La mayoría de los profesionales del marketing y consultores de empresa suelen empezar sus discusiones sobre la naturaleza del marketing con una cierta mueca de disgusto y una frase del estilo: “Marketing no es solo publicidad”.

El marketing es uno de los grandes desconocidos del mundo de la empresa (y lamentablemente no el único).

Si ya se tiene clara la importancia del mercado y los clientes a la hora de desarrollar un proyecto empresarial, resultará fácil comprender el alcance del marketing -no de la publicidad- en el futuro de la empresa. Conceptos como necesidades, deseos, mercado, demanda, producto, etc. son fundamentales para entrar en el mundo del marketing.

Sin ánimo de dar la definición correcta de lo que es el marketing, pues ni los propios teóricos del tema se ponen de acuerdo, podemos decir que el marketing es aquella combinación de conocimientos y de técnicas orientadas a comprender el mercado y a influir en él.
Así pues, dentro de la empresa, el marketing desempeña una función primordial que debe estar perfectamente coordinada con las otras funciones, especialmente con la de producción.

Funciones del Marketing

Dentro del marco de la empresa, el marketing debe desempeñar unas funciones determinadas orientadas a analizar y comprender el mercado donde se mueva la empresa, identificar las necesidades de los clientes y favorecer y desarrollar una demanda de los productos de la empresa. Para esto, se deberán tomar decisiones que afecten al producto, a la imagen de la empresa, a los precios, etc.

Análisis del Mercado

La empresa debe conocer con el mayor detalle posible a sus clientes potenciales y reales. Hay que investigar cuáles son sus necesidades y deseos y cuáles son sus hábitos de compra, su capacidad de compra, etc. Esto permitirá a la empresa ofrecer los productos más adecuados a sus clientes.

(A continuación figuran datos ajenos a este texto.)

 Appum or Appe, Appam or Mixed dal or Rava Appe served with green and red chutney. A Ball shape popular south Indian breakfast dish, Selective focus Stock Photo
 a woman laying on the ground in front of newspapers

Además conocer los procedimientos de compra ayudará a influir en la decisión final de adquirir el producto (por ejemplo, favoreciendo el consejo de una tercera persona). Se han identificado cinco papeles distintos que pueden ejercer una o varias personas que influyen en la compra de un producto. El iniciador es quien sugiere o motiva la compra; el influenciador es aquel que ejerce una influencia positiva o negativa sobre la compra; el decisor es quien toma la decisión final de comprar o no; el comprador es la persona que se ocupa de realizar la compra; el usuario es quien disfruta finalmente del producto.

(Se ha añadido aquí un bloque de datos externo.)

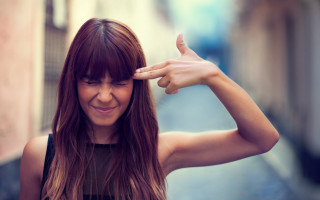 Woman smiling longhair handgesture street - a hand gesture free wallpaper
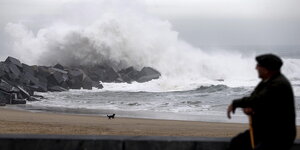 Ein alter Mann mit einer Baskenmütze blickt auf das stürmische Meer an einer Küste, wo sich hohe Wellen brechen.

El análisis del mercado puede hacerse de forma más o menos sistemática. Así cuando un emprendedor un día “se da cuenta” de que hace falta un nuevo producto que él puede ofrecer probablemente haya realizado un análisis inconsciente del mercado en el que seguramente habrá estado inmerso durante tiempo. Por otro lado, las grandes empresas que disponen de grandes presupuestos tienen equipos de profesionales dedicados únicamente a esta labor. Si bien existen toda una serie de técnicas para realizar esta investigación, al emprendedor no le quedará más remedio que realizar “pequeños estudios” y pruebas en el mercado para conocer detalles del mismo. Este tipo de análisis informal, sin embargo, se ha mostrado suficiente en el caso de poner en marcha una empresa.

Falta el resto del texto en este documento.